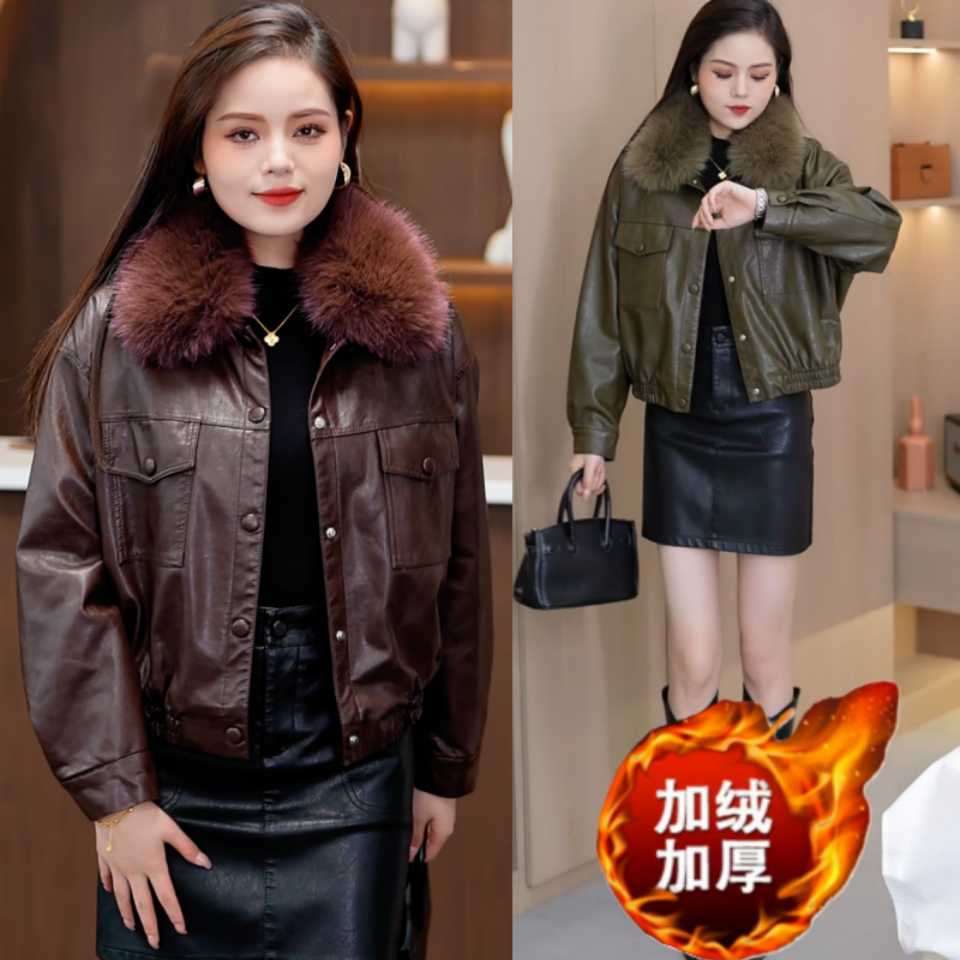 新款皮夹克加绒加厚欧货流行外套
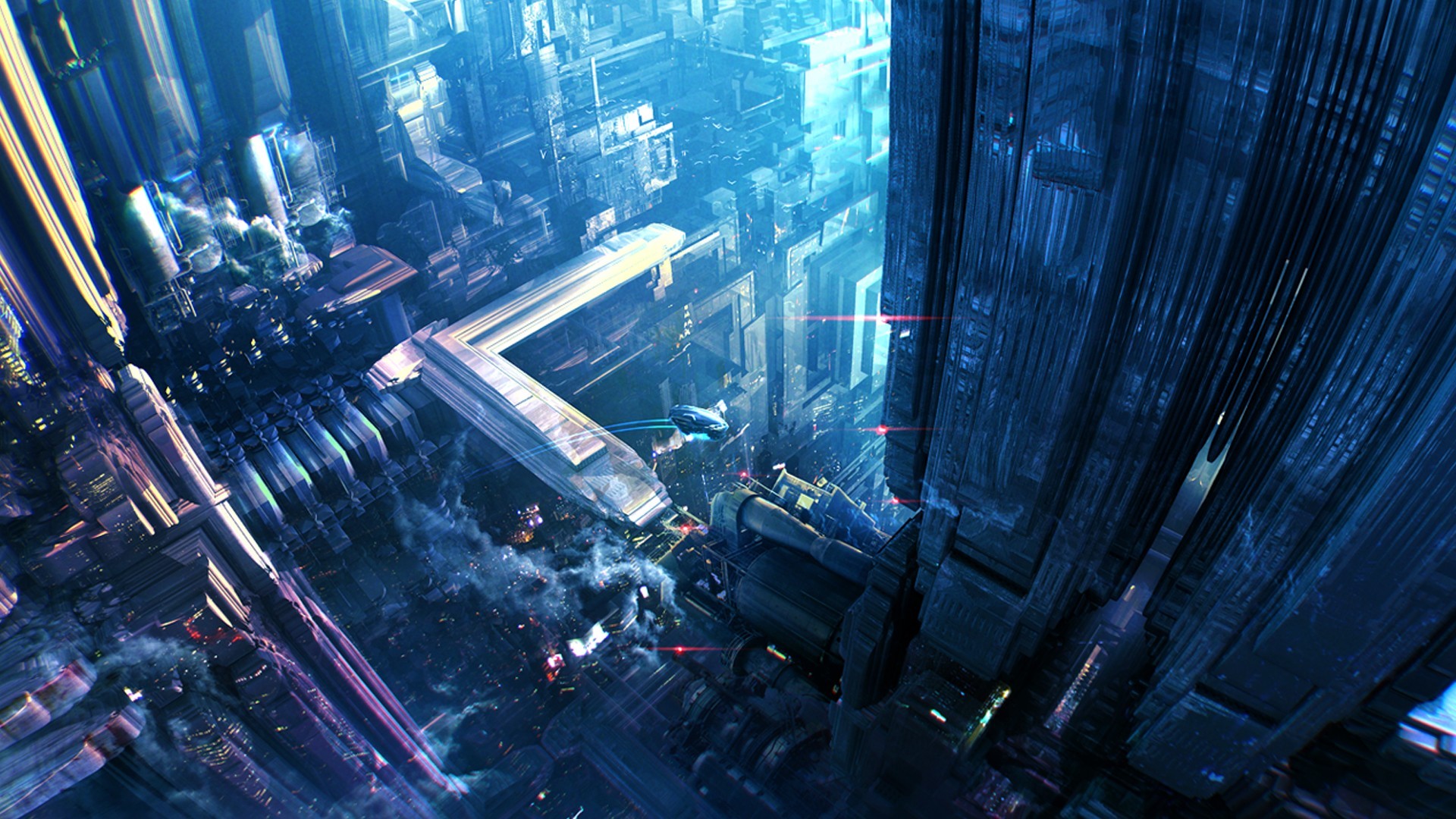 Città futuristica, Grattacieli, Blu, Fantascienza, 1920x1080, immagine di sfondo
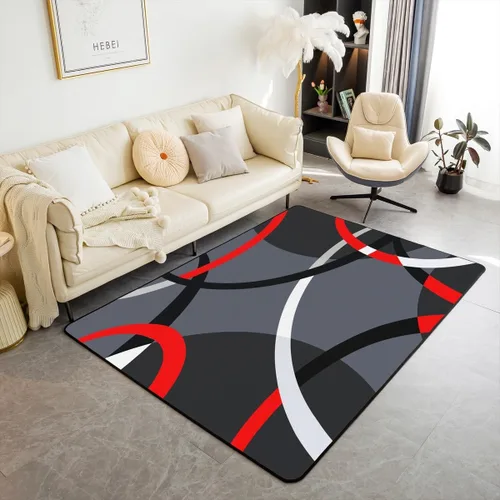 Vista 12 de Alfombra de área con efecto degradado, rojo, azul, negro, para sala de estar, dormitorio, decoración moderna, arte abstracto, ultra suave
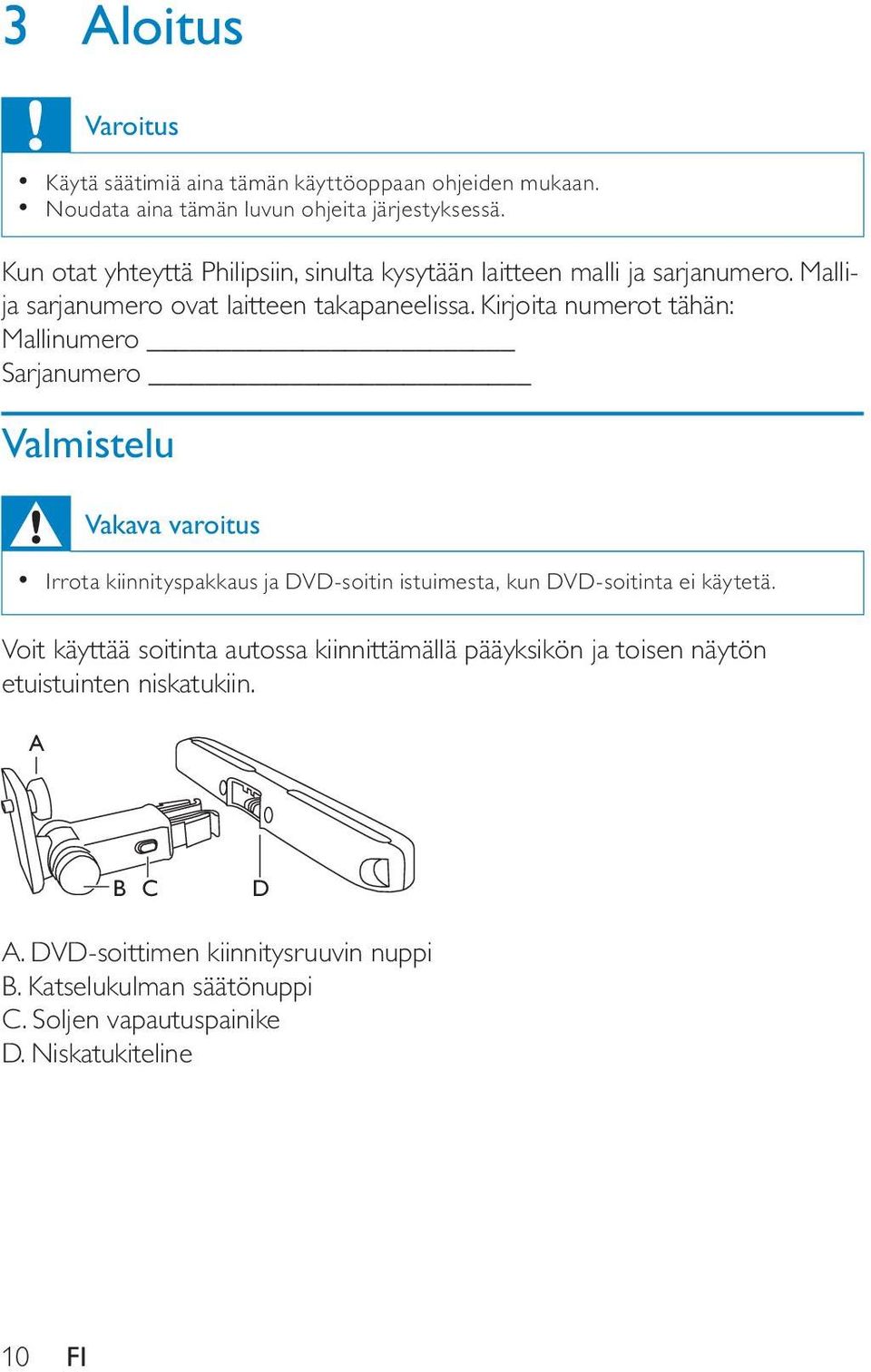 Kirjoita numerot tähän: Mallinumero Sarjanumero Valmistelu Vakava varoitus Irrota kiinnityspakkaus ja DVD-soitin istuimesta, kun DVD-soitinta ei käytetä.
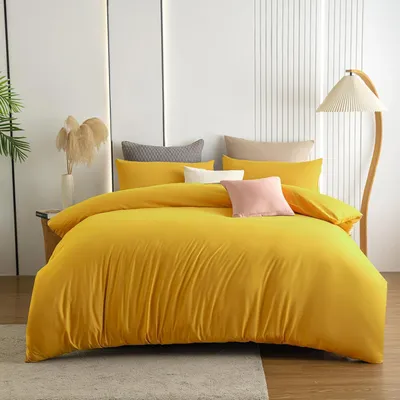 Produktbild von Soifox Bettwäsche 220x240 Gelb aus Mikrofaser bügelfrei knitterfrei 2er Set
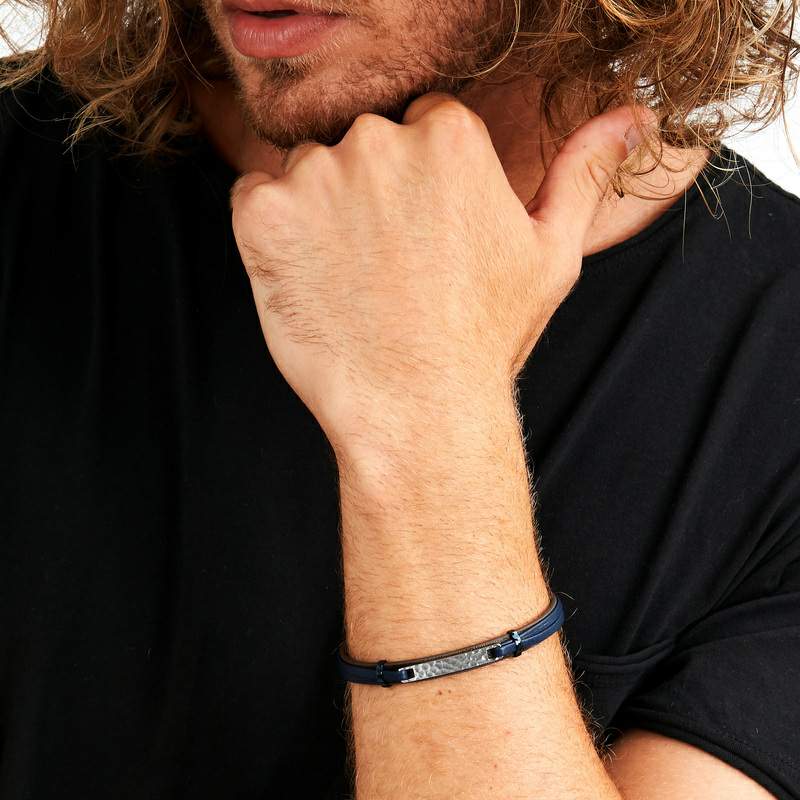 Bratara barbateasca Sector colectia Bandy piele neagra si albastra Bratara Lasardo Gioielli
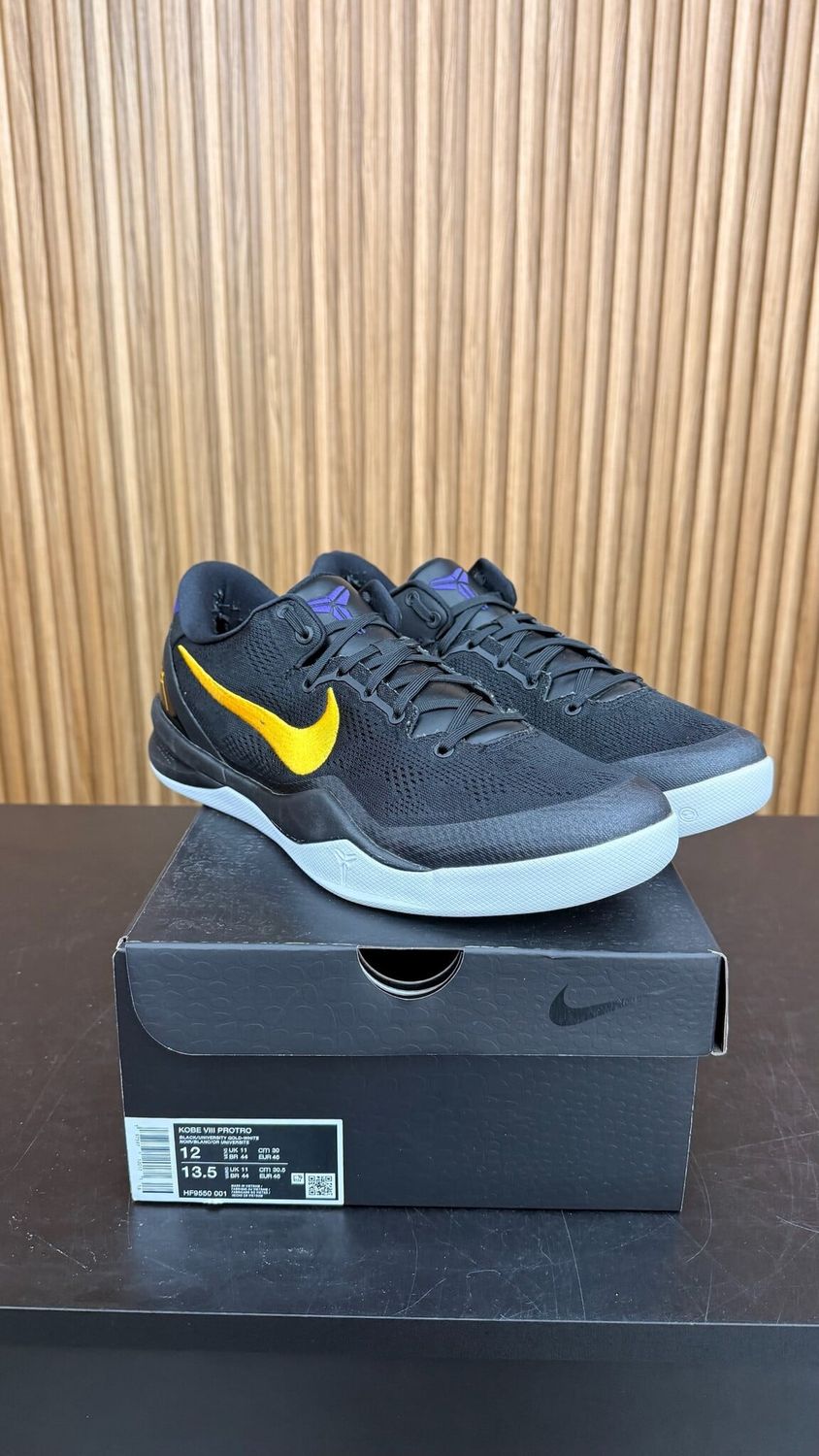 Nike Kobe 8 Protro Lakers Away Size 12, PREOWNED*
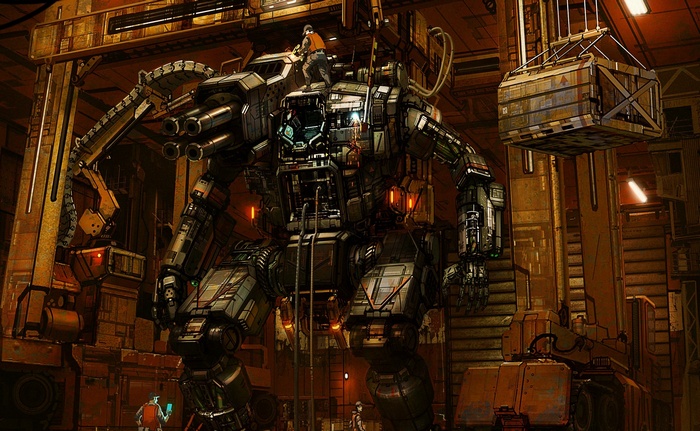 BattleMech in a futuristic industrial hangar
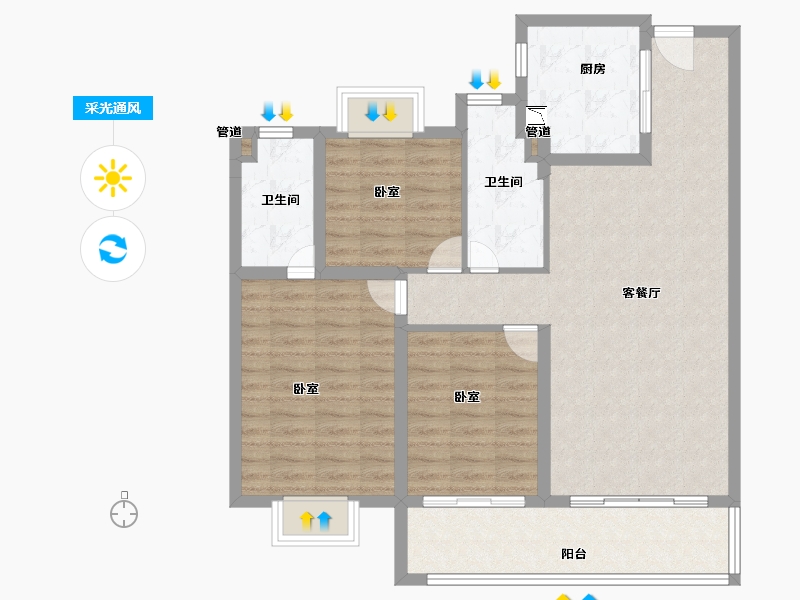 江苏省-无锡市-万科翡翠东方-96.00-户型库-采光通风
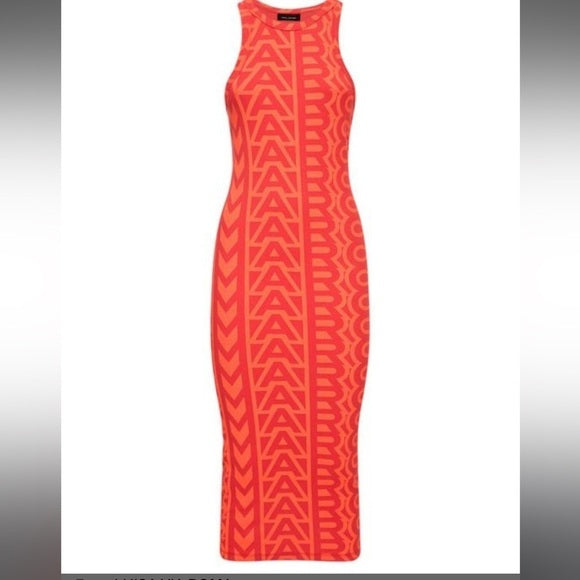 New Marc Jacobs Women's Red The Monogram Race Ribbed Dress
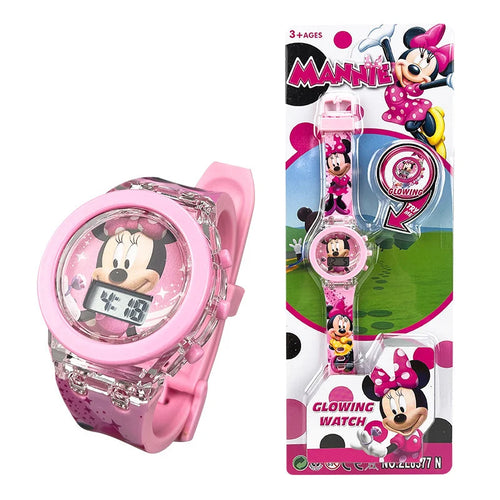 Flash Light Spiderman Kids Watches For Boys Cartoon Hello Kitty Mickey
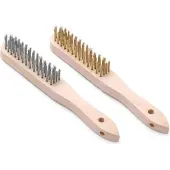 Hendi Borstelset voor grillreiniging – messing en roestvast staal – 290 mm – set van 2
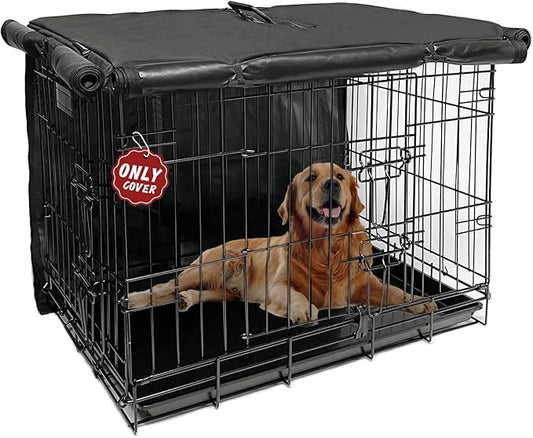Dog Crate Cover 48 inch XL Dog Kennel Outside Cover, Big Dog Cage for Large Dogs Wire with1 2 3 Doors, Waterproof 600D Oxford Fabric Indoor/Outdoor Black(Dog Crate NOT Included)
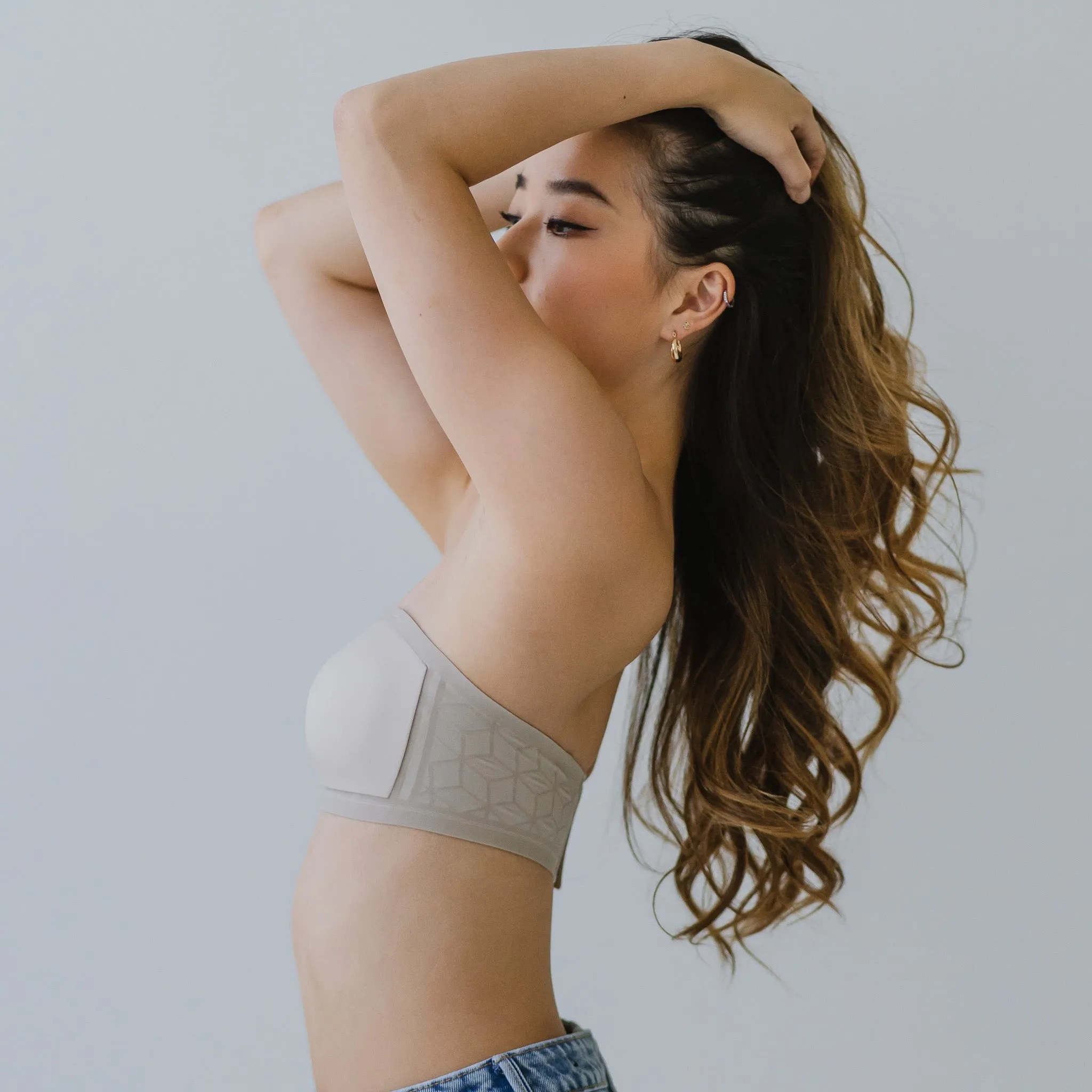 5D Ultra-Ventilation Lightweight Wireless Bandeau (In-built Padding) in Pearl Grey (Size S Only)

■ ■ ■ ■ ■

With pictures excluded, restate word for word the lines from the one that contains "Kirjoita numerot tähän: Mallinumero" through the end of the material, inclusive, and nothing more.

 Kirjoita numerot tähän: Mallinumero Sarjanumero Valmistelu Vakava varoitus Irrota kiinnityspakkaus ja DVD-soitin istuimesta, kun DVD-soitinta ei käytetä.
 Produktbild von Soifox Bettwäsche 220x240 Gelb aus Mikrofaser bügelfrei knitterfrei 2er Set
 Bratara barbateasca Sector colectia Bandy piele neagra si albastra Bratara Lasardo Gioielli
 Nike Kobe 8 Protro Lakers Away Size 12, PREOWNED*
 BattleMech in a futuristic industrial hangar
 江苏省-无锡市-万科翡翠东方-96.00-户型库-采光通风
 New Marc Jacobs Women's Red The Monogram Race Ribbed Dress
 Flash Light Spiderman Kids Watches For Boys Cartoon Hello Kitty Mickey
 Hendi Borstelset voor grillreiniging – messing en roestvast staal – 290 mm – set van 2
Dog Crate Cover 48 inch XL Dog Kennel Outside Cover, Big Dog Cage for Large Dogs Wire with1 2 3 Doors, Waterproof 600D Oxford Fabric Indoor/Outdoor Black(Dog Crate NOT Included)
 5D Ultra-Ventilation Lightweight Wireless Bandeau (In-built Padding) in Pearl Grey (Size S Only)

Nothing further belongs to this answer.